I can never forget our college production of Othello. Playing the minor role of Rodrigo, I was chatting with director Pat Gilvary about how well opening night was going. Only when the lights blacked out quickly did we realize that poor Iago had been left on stage with no one to talk to - because I had just missed my entrance.
I have a lifetime of stories but only three minutes...
The truth is that we are all here because we love and revel in this exercise in civilized neurosis called theater. It's what we all want to do - for free if need be, paid if it can be or some combination of the two for most.
Most of us could not be here unless some loving person was there watching the kids, minding the other part of our lives and most painful of all, cueing us. Endless nights of reruns, conversations not completed and projects deferred "till the show closes". At the time of my retirement I figured I had 43 years of deferred projects. Of course I plan to get to them as soon as the next show closes.
My dear wife Kathryne shares this award with me for all of her loving sacrifices for my benefit. And my daughter Mary usually learns my lines before me as she relentlessly forces me to get them right.
Why do we really do all this?

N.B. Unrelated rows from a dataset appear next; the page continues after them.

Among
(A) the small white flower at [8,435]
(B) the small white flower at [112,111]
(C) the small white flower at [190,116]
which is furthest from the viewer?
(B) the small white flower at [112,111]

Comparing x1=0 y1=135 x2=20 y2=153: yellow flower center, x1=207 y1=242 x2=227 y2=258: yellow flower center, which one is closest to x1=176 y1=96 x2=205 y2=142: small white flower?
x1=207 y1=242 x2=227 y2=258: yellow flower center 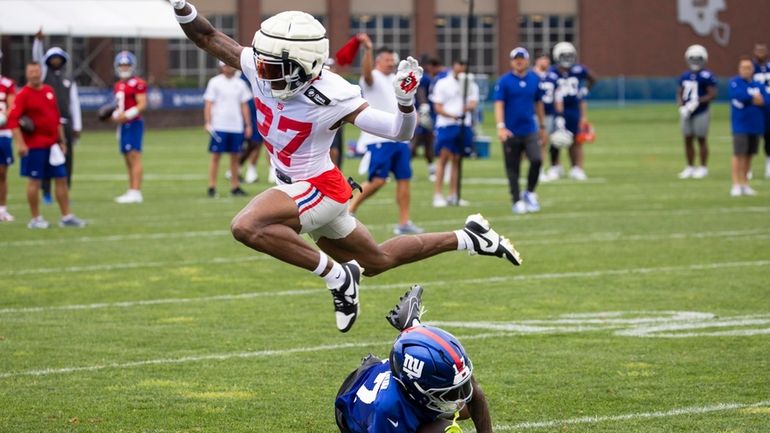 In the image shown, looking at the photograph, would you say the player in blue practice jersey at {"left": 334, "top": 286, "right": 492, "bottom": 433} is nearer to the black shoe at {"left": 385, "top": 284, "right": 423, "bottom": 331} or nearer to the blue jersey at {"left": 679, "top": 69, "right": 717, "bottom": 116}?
the black shoe at {"left": 385, "top": 284, "right": 423, "bottom": 331}

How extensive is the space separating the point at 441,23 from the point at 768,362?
197ft

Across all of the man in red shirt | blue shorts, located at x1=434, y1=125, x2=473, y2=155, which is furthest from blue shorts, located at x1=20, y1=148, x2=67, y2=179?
blue shorts, located at x1=434, y1=125, x2=473, y2=155

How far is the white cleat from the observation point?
866 centimetres

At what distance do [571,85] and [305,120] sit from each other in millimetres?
17273

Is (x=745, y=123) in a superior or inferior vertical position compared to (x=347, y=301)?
superior

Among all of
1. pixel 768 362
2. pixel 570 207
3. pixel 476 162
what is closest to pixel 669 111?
pixel 476 162

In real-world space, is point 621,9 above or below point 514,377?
Result: above

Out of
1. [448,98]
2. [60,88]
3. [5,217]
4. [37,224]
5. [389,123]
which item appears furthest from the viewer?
[448,98]

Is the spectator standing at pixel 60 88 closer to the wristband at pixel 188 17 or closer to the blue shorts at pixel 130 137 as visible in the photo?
the blue shorts at pixel 130 137

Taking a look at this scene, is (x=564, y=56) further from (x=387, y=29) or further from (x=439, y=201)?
(x=387, y=29)

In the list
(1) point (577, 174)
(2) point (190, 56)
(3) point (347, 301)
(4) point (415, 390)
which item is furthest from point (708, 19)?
(4) point (415, 390)

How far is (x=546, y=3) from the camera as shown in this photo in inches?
2685

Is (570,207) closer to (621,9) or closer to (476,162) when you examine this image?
(476,162)

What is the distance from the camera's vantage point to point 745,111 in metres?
20.2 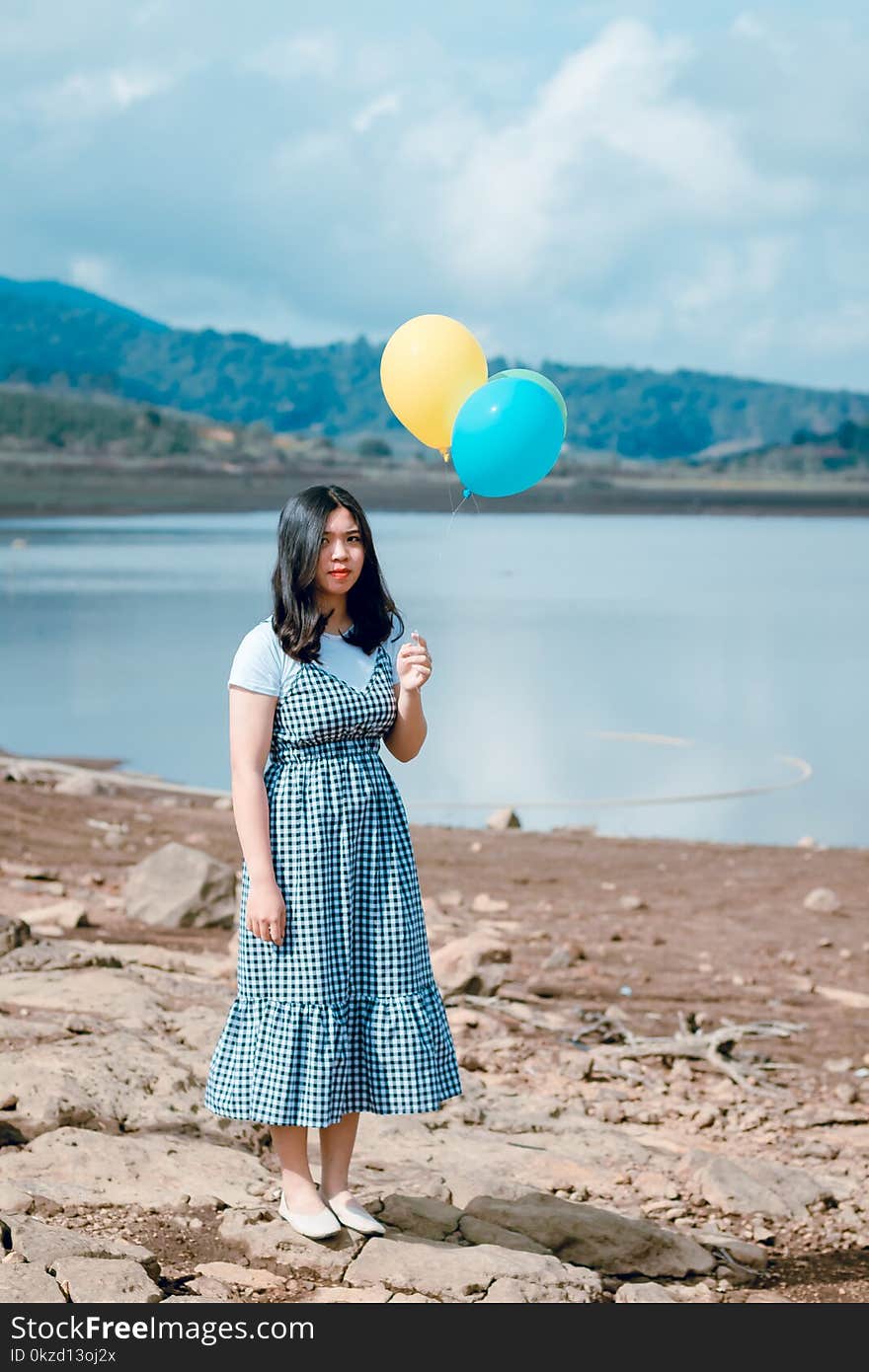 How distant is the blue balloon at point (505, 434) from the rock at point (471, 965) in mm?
2771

Maybe it's because every now and then a skilled director matches the right script with a perfect cast and we feel that magical rush of taking an audience to a place they've never been to hear things they have never heard. And we all know that moment is simply glorious.
I thank you most sincerely for this award and I salute all the wonderful people I have directed or shared a stage with, basked in their beautiful light, looked good in their costumes, strutted in front of their sets, handled just the right property, profited from their direction and on and on-most especially those dear theater spirits, Ken, Bob, the two Toms, Dutch, Nancy and Carol.
I have only one regret. I wish I could do it all over again.